■ Exercise goal:
Write out exactly, and only, the lines from the one containing "BuzzoXerex Costume Prete" through the last line of the listing below.
───
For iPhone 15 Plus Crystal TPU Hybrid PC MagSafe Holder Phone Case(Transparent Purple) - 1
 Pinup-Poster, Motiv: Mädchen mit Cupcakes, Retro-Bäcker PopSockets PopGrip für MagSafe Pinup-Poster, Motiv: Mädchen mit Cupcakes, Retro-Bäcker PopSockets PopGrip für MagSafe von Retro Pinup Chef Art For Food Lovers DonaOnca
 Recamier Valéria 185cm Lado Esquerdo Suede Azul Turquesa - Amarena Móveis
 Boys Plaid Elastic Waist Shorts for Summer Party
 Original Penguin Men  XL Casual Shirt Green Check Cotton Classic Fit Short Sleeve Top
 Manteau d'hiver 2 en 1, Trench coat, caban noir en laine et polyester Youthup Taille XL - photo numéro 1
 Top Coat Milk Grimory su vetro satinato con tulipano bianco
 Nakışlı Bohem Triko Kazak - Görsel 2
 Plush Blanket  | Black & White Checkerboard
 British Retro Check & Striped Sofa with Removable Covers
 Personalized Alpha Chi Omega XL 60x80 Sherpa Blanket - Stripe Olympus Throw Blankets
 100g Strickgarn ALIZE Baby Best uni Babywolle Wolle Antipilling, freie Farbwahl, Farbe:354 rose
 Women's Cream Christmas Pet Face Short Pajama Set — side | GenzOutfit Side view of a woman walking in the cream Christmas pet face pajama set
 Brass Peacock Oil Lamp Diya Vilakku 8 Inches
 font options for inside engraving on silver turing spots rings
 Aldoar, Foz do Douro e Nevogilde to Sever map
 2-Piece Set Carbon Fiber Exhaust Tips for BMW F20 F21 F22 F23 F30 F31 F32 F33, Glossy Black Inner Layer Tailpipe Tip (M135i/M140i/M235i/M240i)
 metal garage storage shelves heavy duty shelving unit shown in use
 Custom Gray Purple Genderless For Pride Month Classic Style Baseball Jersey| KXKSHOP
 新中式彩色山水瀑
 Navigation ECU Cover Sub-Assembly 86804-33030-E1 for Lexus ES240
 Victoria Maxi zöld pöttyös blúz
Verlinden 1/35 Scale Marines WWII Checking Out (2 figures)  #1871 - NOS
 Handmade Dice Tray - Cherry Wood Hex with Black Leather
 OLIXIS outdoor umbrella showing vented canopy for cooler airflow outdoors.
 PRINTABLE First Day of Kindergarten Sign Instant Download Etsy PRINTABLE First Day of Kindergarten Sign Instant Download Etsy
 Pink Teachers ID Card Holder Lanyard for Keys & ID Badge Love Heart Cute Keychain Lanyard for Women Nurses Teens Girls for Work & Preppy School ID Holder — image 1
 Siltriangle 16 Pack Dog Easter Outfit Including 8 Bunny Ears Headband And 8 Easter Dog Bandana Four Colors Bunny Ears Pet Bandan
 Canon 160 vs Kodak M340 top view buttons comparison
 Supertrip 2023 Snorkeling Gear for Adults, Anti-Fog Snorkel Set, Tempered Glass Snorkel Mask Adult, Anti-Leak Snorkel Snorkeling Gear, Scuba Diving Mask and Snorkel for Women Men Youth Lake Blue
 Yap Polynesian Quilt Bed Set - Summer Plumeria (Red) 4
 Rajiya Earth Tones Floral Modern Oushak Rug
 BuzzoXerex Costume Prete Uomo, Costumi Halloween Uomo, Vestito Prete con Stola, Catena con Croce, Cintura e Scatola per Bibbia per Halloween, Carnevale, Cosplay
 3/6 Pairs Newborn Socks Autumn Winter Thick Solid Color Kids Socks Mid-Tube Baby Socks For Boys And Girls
───
■ Answer for this exercise:
 BuzzoXerex Costume Prete Uomo, Costumi Halloween Uomo, Vestito Prete con Stola, Catena con Croce, Cintura e Scatola per Bibbia per Halloween, Carnevale, Cosplay
 3/6 Pairs Newborn Socks Autumn Winter Thick Solid Color Kids Socks Mid-Tube Baby Socks For Boys And Girls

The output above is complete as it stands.